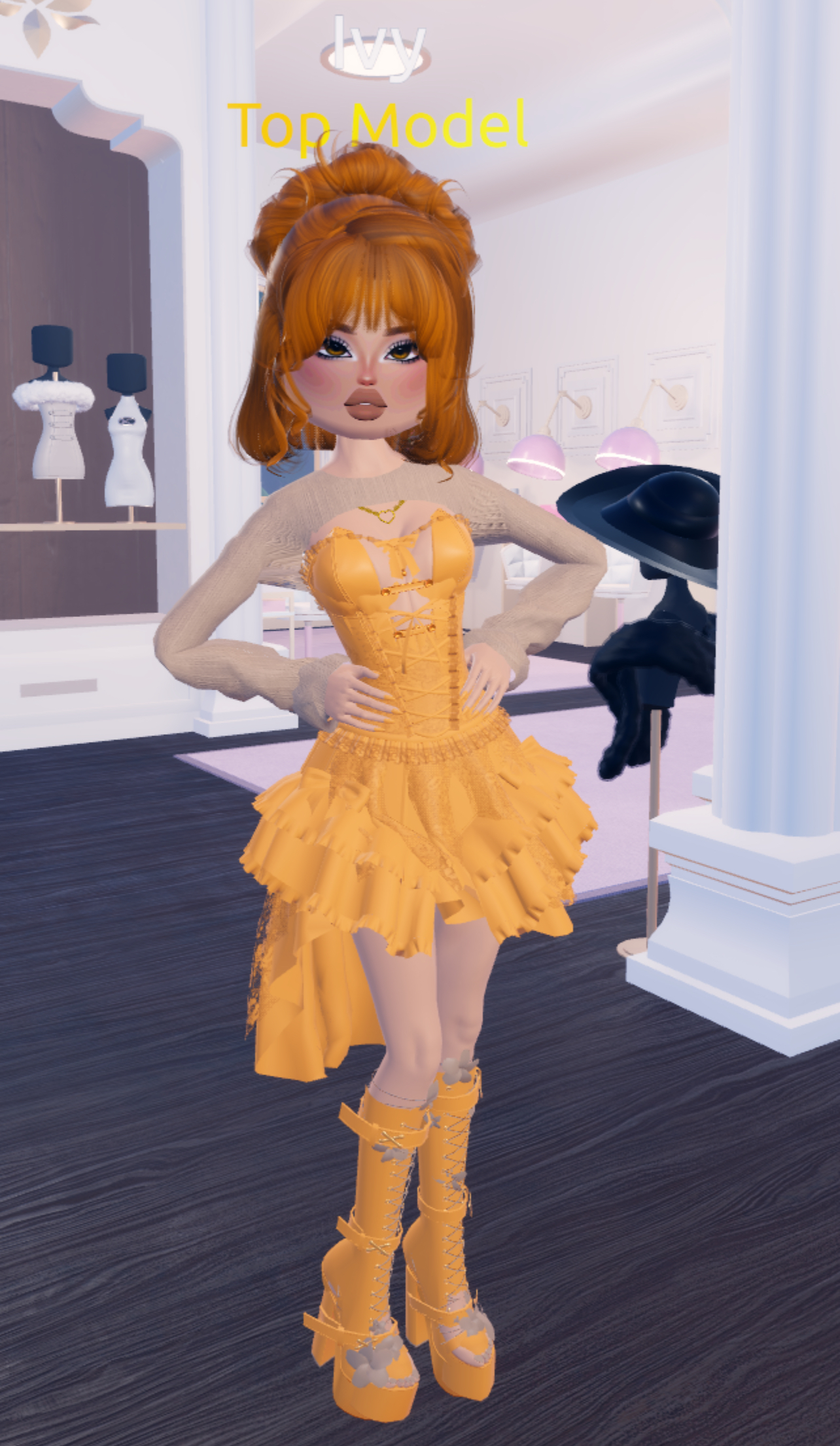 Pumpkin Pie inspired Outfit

────────────────────

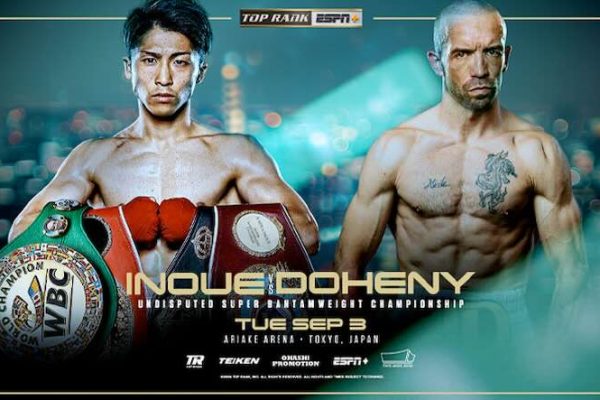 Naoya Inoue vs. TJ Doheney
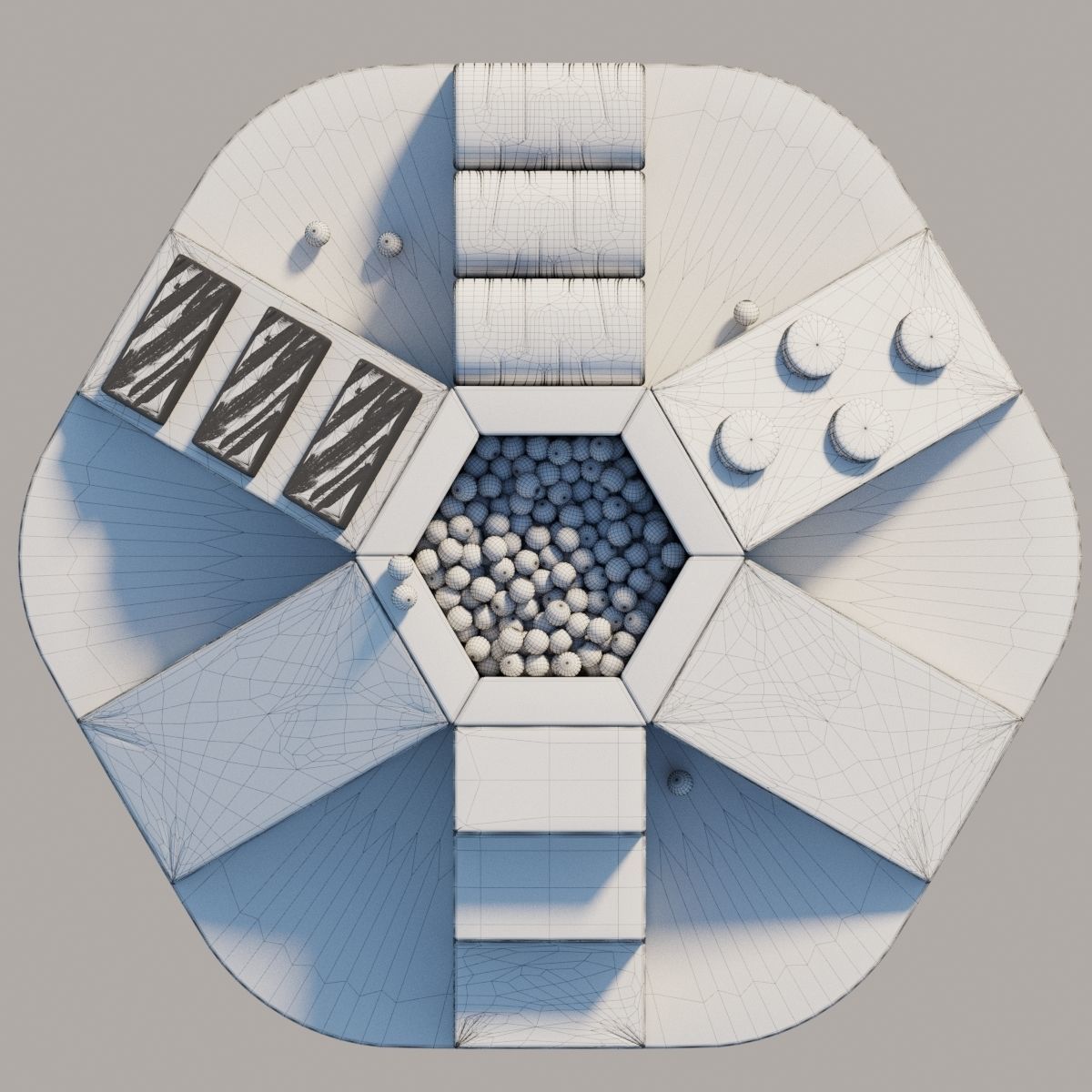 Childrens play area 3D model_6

────────────────────

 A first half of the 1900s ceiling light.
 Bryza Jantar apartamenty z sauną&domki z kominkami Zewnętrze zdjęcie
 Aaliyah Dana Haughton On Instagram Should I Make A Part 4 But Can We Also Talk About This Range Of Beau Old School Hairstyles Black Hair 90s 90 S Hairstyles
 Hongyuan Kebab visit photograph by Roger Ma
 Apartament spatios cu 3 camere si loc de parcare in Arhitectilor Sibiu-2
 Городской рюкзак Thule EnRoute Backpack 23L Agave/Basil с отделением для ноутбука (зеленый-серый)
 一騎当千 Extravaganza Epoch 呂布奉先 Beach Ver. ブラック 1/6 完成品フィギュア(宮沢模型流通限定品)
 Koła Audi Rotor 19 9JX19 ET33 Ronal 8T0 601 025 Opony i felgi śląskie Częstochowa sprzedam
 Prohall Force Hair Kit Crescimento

────────────────────

- DIRECTIONS -
Lines holding the string "Hair" are the answer; copy each one from the listing above.

- WRITTEN SOLUTION -
 Aaliyah Dana Haughton On Instagram Should I Make A Part 4 But Can We Also Talk About This Range Of Beau Old School Hairstyles Black Hair 90s 90 S Hairstyles
 Prohall Force Hair Kit Crescimento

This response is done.